A retro barber shop for a modern look

Then on the other side of Love 123 is Supremo Barber, a “gentleman’s barber” which seems determined to rope in the males of a younger generation and introduce them to the world of pomade.

If you want to immerse yourself in something apart from food, fashion and objects of desire, feed your soul instead at any of the four top art galleries in the area.

Gravity Art Space is attached to Nanka, a yummy Japanese restaurant of Peruvian persuasion. Its attractive two-level structure is home to contemporary art that feels young, edgy and reflective of today’s world. It’s a similar kind of energy at Kalawakan Space Time located at the corner of Quezon Avenue and Roces.

Ronante Maratas’ “Neptune Pop” exhibit at Kaida Gallery on Scout Madrinan

Quezon City attracts creatives whose groundbreaking works feel very at home in neighborhoods dating back to the Fifties, Sixties and Seventies such as the one I live in and have been describing. 

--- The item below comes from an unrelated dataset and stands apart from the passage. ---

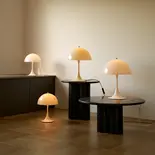 Louis Poulsen Lampada da tavolo portatile Panthella 250 bianco opalino - 5744172943 Louis Poulsen Lampada da tavolo portatile Panthella 250 bianco opalino - 5744172943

Superduper Gallery at Eleventh Jamboree and Kaida Contemporary on Scout Madrinan are to me something of those contrasting worlds that coexist so well in Japan—the very young in an old space, opposite worlds that cocoon each other with style and grace.

A tree of “bonsais”

It is very pleasant, in fact, to go walking in the mornings or when it cools down later in the afternoon. The residents take extra care and pride in their horticultural displays so that every time I walk I am forever taking photos of flowering ornamentals, a tree pruned to look like it’s sporting a dozen bonsais, branches of dragonfruit poking through walls. Many people walk their dogs, each cuter than the next. 

Dragon fruit branches extend out from a wall of ivy.

Even the barangay chat group is for me highly entertaining to scroll through, detailing the ins and outs and ups and downs, errant neighbors and lost cats, noisy restos and snake sightings. It’s a slice of everyday Filipino life crammed with creativity, yummy food, beauty where you don’t always expect it, and I’m so glad I call it home.